I don't believe I ever stated that I had a problem with you or you trying to find your rats homes.

EDIT: And after reading your post history, NO mod discussed it with you. At least not on the account you are posting with now. Everyone who attacked you were members. Don't try to instigate arguments.


----------



## margar

I'd like to point out the fact that the OP advertised only two babies....

So say a breeder has a waiting list of 11 people, and then the mom has 13 babies, and the breeder needs to find homes for the extra babies, what are they to do (especially in the case of new ratteries)? You can't predict the number of babies a mamma will have.


----------



## lml8787

Margar said:


> I'd like to point out the fact that the OP advertised only two babies....
> 
> So say a breeder has a waiting list of 11 people, and then the mom has 13 babies, and the breeder needs to find homes for the extra babies, what are they to do (especially in the case of new ratteries)? You can't predict the number of babies a mamma will have.


good point!


----------



## ema-leigh

Anyone who knows anything about rat breeding who know they COULD end up with 20 plus babies. They should be prepared for this, by either larger waiting lists, being in the position to keep the babies themselves or other advertising means (not a site used to rehome rescues)

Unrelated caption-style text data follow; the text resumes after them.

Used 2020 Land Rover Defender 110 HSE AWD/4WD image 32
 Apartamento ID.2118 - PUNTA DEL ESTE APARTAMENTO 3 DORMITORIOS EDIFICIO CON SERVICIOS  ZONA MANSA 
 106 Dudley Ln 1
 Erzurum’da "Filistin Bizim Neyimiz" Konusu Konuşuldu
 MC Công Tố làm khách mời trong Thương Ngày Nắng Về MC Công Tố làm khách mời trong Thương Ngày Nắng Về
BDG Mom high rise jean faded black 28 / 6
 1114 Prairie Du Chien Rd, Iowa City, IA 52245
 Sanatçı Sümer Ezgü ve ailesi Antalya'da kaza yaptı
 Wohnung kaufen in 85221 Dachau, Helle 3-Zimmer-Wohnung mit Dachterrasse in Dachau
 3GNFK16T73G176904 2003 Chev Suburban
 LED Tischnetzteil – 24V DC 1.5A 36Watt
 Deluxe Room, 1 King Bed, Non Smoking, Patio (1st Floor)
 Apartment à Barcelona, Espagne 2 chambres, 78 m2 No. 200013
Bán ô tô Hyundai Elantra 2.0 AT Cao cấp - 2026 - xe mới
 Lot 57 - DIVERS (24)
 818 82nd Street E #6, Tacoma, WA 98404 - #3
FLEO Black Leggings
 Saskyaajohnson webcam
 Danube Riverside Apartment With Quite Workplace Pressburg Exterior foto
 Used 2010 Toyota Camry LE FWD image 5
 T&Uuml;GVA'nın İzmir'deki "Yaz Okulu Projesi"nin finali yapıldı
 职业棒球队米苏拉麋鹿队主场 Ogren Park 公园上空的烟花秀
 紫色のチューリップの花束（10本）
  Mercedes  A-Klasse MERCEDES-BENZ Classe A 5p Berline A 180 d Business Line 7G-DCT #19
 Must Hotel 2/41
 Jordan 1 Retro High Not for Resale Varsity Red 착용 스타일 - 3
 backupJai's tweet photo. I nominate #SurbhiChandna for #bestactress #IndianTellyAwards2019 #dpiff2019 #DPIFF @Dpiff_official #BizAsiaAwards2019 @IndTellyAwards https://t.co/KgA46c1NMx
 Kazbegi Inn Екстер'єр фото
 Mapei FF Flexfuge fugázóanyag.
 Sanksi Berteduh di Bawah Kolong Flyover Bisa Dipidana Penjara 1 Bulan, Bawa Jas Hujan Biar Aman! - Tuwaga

I think its more about the morals of the breeder in question. Ethical breeders are trying to help the species as a whole, this includes existing rats and there should be a respect in place for the rescue rats having priority on sites such as these. The breeder could advertise on castanet, kijiji or a site like that. I have waiting lists and advertise on castanet occasionally. There has to be some kind of advertising to promote adopting from good breeders instead of pet stores.


----------